Suppose that the timer was pending and it was fired right before
rcu_assign_pointer(). What guarantees that prepare_uretprobe() will see
timer_pending() == false?

rcu_assign_pointer()->smp_store_release() is a one-way barrier. This
timer_pending() check may appear to happen before rcu_assign_pointer()
completes.

In this (yes, theoretical) case ri_timer() can miss the new return_instance,
while prepare_uretprobe() can miss the necessary mod_timer(). I think this
needs another mb() in between.


And I can't convince myself hprobe_expire() is correct... OK, I don't
fully understand the logic, but why data_race(READ_ONCE(hprobe->leased)) ?
READ_ONCE() should be enough in this case?


> > As I have already mentioned in the previous discussions, we can simply kill
> > utask->active_uprobe. And utask->auprobe.
>
> I don't have anything against that, in principle, but let's benchmark
> and test that thoroughly. I'm a bit uneasy about the possibility that
> some arch-specific code will do container_of() on this arch_uprobe in
> order to get to uprobe,

Well, struct uprobe is not "exported", the arch-specific code can't do this.

Oleg.
Andrii Nakryiko Aug. 20, 2024, 6:01 p.m. UTC | #4
On Tue, Aug 20, 2024 at 8:06 AM Oleg Nesterov <oleg@redhat.com> wrote:
>
> On 08/19, Andrii Nakryiko wrote:
> >
> > On Mon, Aug 19, 2024 at 6:41 AM Oleg Nesterov <oleg@redhat.com> wrote:
> > >
> > > On 08/12, Andrii Nakryiko wrote:
> > > >
> > > > Avoid taking refcount on uprobe in prepare_uretprobe(), instead take
> > > > uretprobe-specific SRCU lock and keep it active as kernel transfers
> > > > control back to user space.
> > > ...
> > > >  include/linux/uprobes.h |  49 ++++++-
> > > >  kernel/events/uprobes.c | 294 ++++++++++++++++++++++++++++++++++------
> > > >  2 files changed, 301 insertions(+), 42 deletions(-)
> > >
> > > Oh. To be honest I don't like this patch.
> > >
> > > I would like to know what other reviewers think, but to me it adds too many
> > > complications that I can't even fully understand...
> >
> > Which parts? The atomic xchg() and cmpxchg() parts? What exactly do
> > you feel like you don't fully understand?
>
> Heh, everything looks too complex for me ;)

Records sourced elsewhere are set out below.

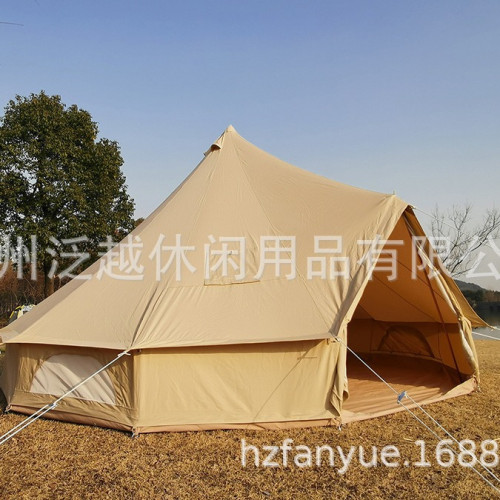 跨境專供戶外野營矇古包帳篷露營天幕尖頂遮陽防雨金字塔營地帳篷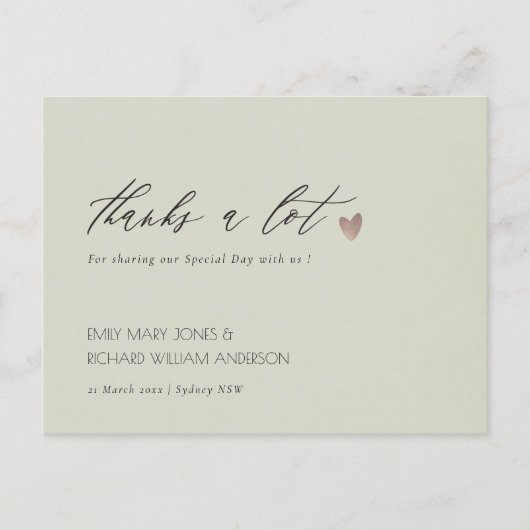 EENVOUDIGE ELEGANT GOLD GRAY TYPOGRAPHY DANK U BRIEFKAART (Voorkant)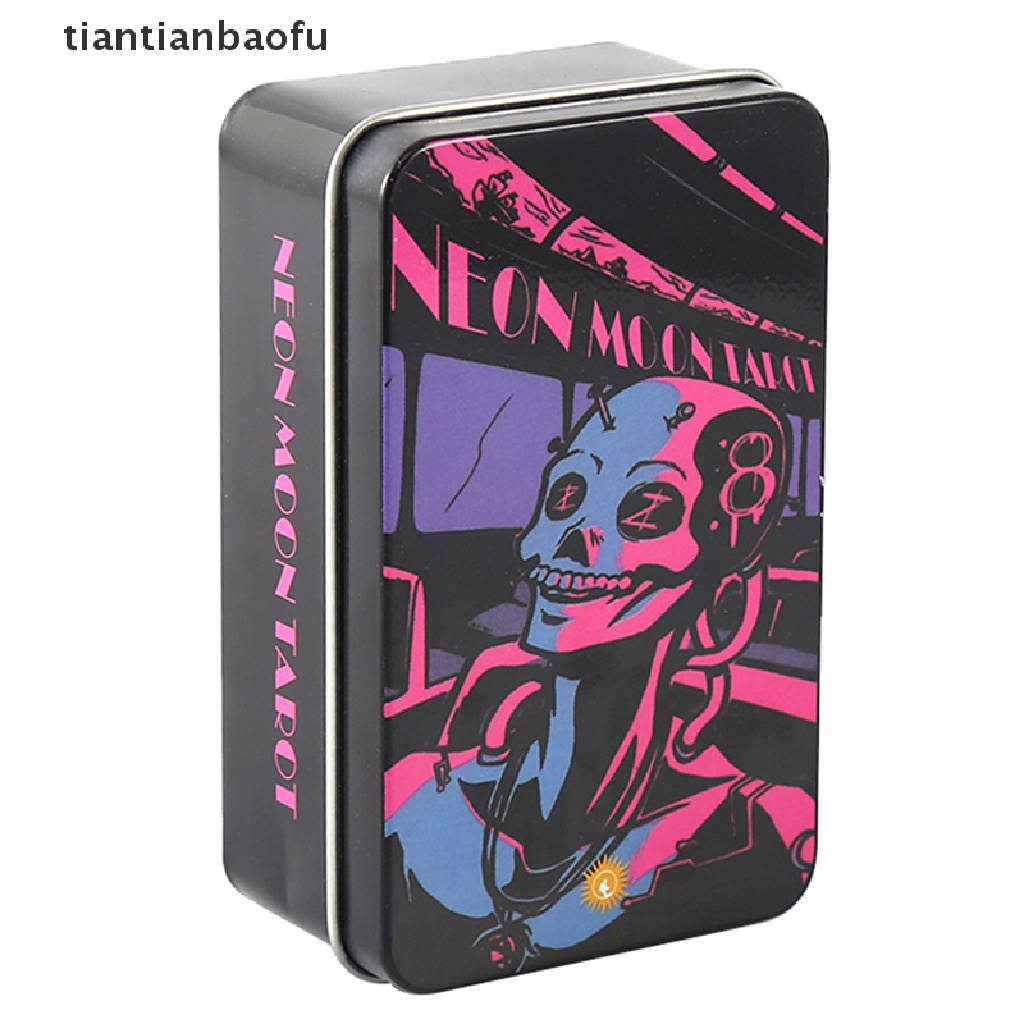 [tiantianbaofu] Kotak Besi Neon Bulan Tarot Kartu Ramalan Ramalan Deck Party Game Card w/Butik Manual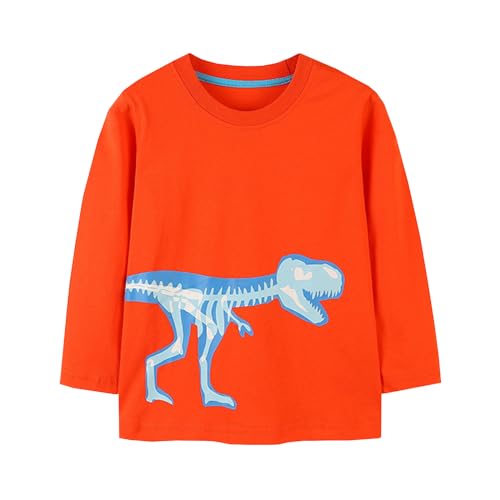Unisex Kids Tie Dye Sweatshirt Toddler Boys Girls Glow In The Dark Long Sleeve Sweatshirt Dinosaur (Orange, 6-7 Years)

Well, the best code is no code. But I'm not doing this just for fun,
so I'm happy with the simplest solution *that works*.

>
> Say, hprobe_expire(). It is also called by ri_timer() in softirq context,
> right? And it does
>
>         /* We lost the race, undo our refcount bump. It can drop to zero. */
>         put_uprobe(uprobe);
>
> How so? If the refcount goes to zero, put_uprobe() does mutex_lock(),
> but it must not sleep in softirq context.
>

Now we are talking about specific issues, thank you! It's hard to
discuss "I don't like".

Yes, I think you are right and it is certainly a problem with
put_uprobe() that it can't be called from softirq (just having to
remember that is error-prone, as is evidenced by me forgetting about
this issue).

It's easy enough to solve. We can either schedule work from timer
thread (and that will solve this particular issue only), or we can
teach put_uprobe() to schedule work item if it drops refcount to zero
from softirq and other restricted contexts.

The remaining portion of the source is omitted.